Notes on the fields:

text is the event’s payload.text, and image_url is the event’s payload.image_url (set on a servable image.ready). The trace surfaces these two flattened for convenience; the full payloads remain on the events endpoint.
usage_credits is the settled sum of metered usage for that turn’s run_ref. Rows that share a run_ref report the same turn-level settled total.
delivery_status / delivery_attempts / delivery_error reflect the latest push delivery attempt for that event (populated for events delivered to a webhook/Telegram channel; null for inbound user events and for events you only polled).
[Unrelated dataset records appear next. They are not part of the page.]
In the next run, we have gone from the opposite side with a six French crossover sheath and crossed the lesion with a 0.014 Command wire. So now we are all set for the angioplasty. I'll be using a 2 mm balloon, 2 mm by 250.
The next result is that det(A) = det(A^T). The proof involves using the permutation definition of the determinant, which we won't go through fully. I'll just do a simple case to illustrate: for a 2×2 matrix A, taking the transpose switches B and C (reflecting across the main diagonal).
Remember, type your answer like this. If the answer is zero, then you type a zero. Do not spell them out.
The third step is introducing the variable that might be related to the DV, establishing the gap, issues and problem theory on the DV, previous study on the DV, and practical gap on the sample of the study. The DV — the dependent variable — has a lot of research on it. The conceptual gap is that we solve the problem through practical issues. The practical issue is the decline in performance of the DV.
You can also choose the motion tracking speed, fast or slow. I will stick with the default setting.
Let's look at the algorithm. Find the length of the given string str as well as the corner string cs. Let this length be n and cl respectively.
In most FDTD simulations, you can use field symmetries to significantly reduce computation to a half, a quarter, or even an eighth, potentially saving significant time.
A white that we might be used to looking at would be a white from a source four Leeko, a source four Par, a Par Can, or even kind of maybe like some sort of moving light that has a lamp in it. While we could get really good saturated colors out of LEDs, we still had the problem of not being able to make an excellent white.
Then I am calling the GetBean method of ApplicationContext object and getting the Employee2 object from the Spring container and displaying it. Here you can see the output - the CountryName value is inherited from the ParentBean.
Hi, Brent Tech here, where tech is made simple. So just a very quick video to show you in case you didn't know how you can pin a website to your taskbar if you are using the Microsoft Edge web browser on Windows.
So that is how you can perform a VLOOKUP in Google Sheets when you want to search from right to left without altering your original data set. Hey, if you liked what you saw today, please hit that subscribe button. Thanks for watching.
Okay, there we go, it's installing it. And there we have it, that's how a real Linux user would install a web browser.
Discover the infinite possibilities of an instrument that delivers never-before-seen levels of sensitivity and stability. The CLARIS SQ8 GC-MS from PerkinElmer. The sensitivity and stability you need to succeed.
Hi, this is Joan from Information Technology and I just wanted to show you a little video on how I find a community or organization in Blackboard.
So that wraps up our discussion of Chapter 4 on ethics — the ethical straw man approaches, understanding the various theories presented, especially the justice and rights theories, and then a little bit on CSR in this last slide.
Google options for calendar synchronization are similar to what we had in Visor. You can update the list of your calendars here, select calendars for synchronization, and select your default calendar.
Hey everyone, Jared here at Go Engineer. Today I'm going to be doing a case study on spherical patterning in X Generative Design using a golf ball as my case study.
These delivery fields are not the chat rendering gate. If a character message.created or character.initiated event is present in the session log, the visible reply is ready to render even if push delivery bookkeeping is still null, pending, or settling. Use delivery_status: "delivered" only to answer whether LoreOS successfully pushed that event to a managed channel such as webhook or Telegram.

Telegram diagnostics - `GET /v1/observability/sessions/{id}/telegram`

For official Managed Bots, this endpoint gives one redacted support view for a single session:

child-contact request status from telegram_managed_bot_requests
active Telegram binding and child bot status
latest inbound Telegram session events
reply jobs created from those inbound events
managed-channel lifecycle markers
Telegram delivery attempts for outbound character events

Use it when a user can message the child bot but no character reply appears, or when a child contact is linked but outbound Telegram delivery looks stuck.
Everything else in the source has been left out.